DATASET EXCERPT
------------------------------
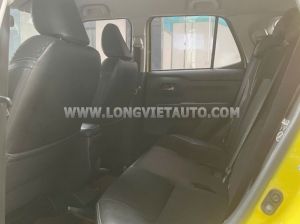 Xe Toyota Raize G 1.0 CVT 2023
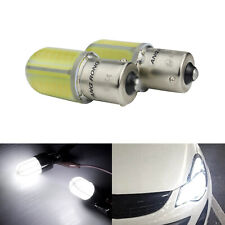 2 Stk Tagfahrleuchte Weiß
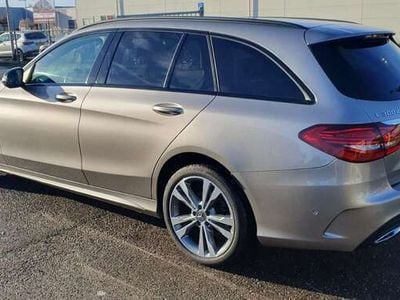 Mercedes C300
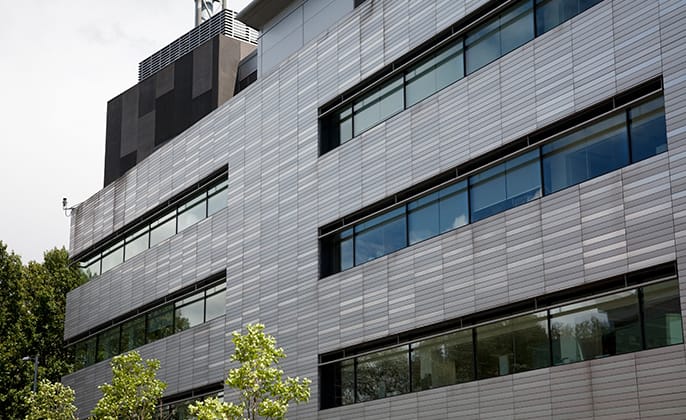 How Cladding & Façade Systems Are Redefining Indian Skylines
------------------------------
BRIEF
Please reproduce the material above word for word, without its images.

TASK RESPONSE
 Xe Toyota Raize G 1.0 CVT 2023
 2 Stk Tagfahrleuchte Weiß
 Mercedes C300
 How Cladding & Façade Systems Are Redefining Indian Skylines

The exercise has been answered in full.